Exactly what that last bit really means, I don’t think any of us can quite say.  To wit: until last week, Derek Fisher was the “true” point guard of the two-time defending champions, even though he “truly” belonged on the end of a bench in Belgium.  And you reply, “Sure, but in the triangle offense, Fisher just had to start the offense, get out of the way and bury open threes off of kick-outs” – sure, but that just means there are many ways to be a true point guard.

One of those ways, for a sort of vague, catch-all kind of metric, is assist to turnover ratio.  After his arrival in February, Chauncey Billups posted a ratio of 116/48; in that same period, Douglas’ was 127/34.  In roughly 100 more minutes played (remember, Billups missed six games due to injury and sat out the final game of the year), Douglas turned the ball over 34 times to Chauncey’s 48.  And you can’t say he wasn’t distributing, either; the numbers aren’t lying.

I suspect another part what we mean when discussing a true D’Antoni point guard is his ability to run the pick and roll, and in this regard, to my eye, Douglas made great strides especially late in the season.  He and Ronny Turiaf had a particularly effective chemistry with the second unit that made me think, even if Toney may not be able to take the reins on a nightly basis, he’ll at least have a bread-and-butter play that doesn’t involve straining that labrum hoisting up 30-footers off the dribble.

And about those 30-footers – maybe you put the “true” in “true point guard” by measuring how often he likes to jack up triples as better, higher-paid players wonder why they even bothered running up the floor.  If that’s what really gets your goat – stop me if you know where I’m going with this – then let me introduce Mr. Big Shot himself, Chauncey Billups.  Billups, who after winning a ring already has earned his true point guard stripes in perpetuity, has nonetheless taken up the cause of launching mindless pull-up answer threes, as made famous by Chris Duhon and Stephon Marbury before him.  Billups shot 33% 3PT with the Knicks, which would be his worst three-point shooting in over a decade – the key difference between Billups and Douglas, then, is some of Toney’s bad shots actually go in.

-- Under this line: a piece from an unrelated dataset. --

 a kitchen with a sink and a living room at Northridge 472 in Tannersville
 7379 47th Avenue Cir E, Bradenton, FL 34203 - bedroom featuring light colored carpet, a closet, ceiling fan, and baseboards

Douglas was fairly reliable from outside – 37% last season after 39% his rookie year, and he even shot a little better from above the middle of the floor, where he’d be likely to spend most of his time as a point guard – but his shooting as a whole declined, from 46% as a rookie to 42% last season (true shooting: 57% to 53%).  Another disturbing trend: after struggling to draw fouls as a rookie, Douglas went to the line just as infrequently in far more minutes per game last season.

Here’s where I think the labrum injury comes into play.  We all saw the bad nights with Toney, the nights where he’d run through a screen early on and get that constipated look on his face, telling us all that we’d still see the maximum effort, but don’t expect that 25-point outburst tonight.  We know it affected him some games more than others, but the numbers show a guy who was wary of getting into the paint.  His outside shooting was somewhat worse, but where Douglas really fell off was inside the arc.  He shot 50% inside the paint, 46% on two-pointers and just 39% from midrange, while attempting more than half his field goals from three-point range.  Those aren’t terrible numbers per se, but it’s a decline, and coupled with his inability to draw fouls and overall tendency to remain on the perimeter, tells me the shoulder probably bothered him even more than we knew.

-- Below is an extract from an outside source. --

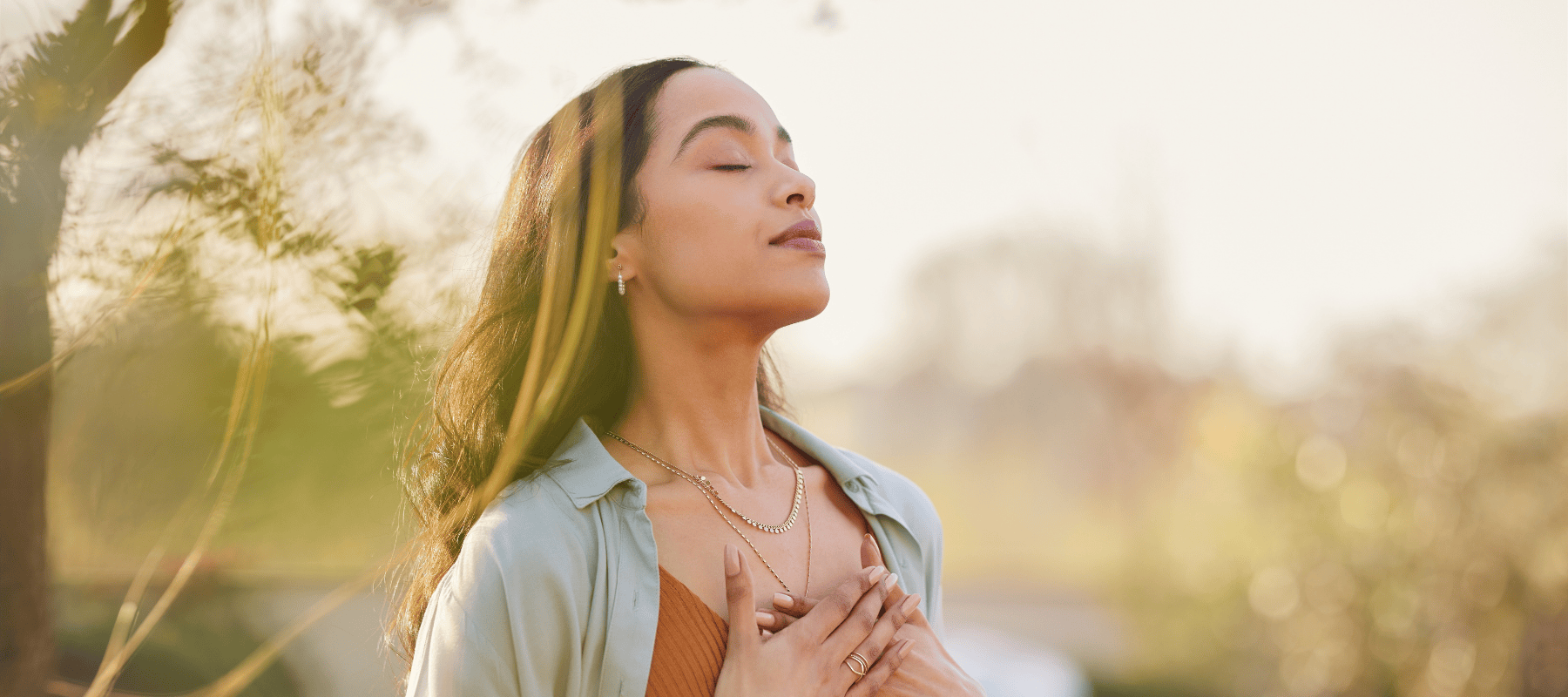 woman taking a big breathe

Not that you’ll hear any of that from the drive-by sports media: Douglas remains an untrue point guard (a false point guard? impure point guard?) who didn’t improve in the year most future starters make their leap.  He’s emblematic of the team as a whole during the Boston series – with the media ignorant of the toll the injuries were taking, the team’s and Toney’s underperformances were met with cynicism rather than understanding. Luckily, we know better – he’s an undervalued commodity on a team short on commodities of any kind.  Sometime next season it will be time to get excited about Toney Douglas, and if I can dream a little here, even of the prospect of shipping out Billups in a deal that shores up the middle and hands Toney the point guard job.  We’ll be excited and rightly so – what we won’t be, unlike the drive-bys, is surprised.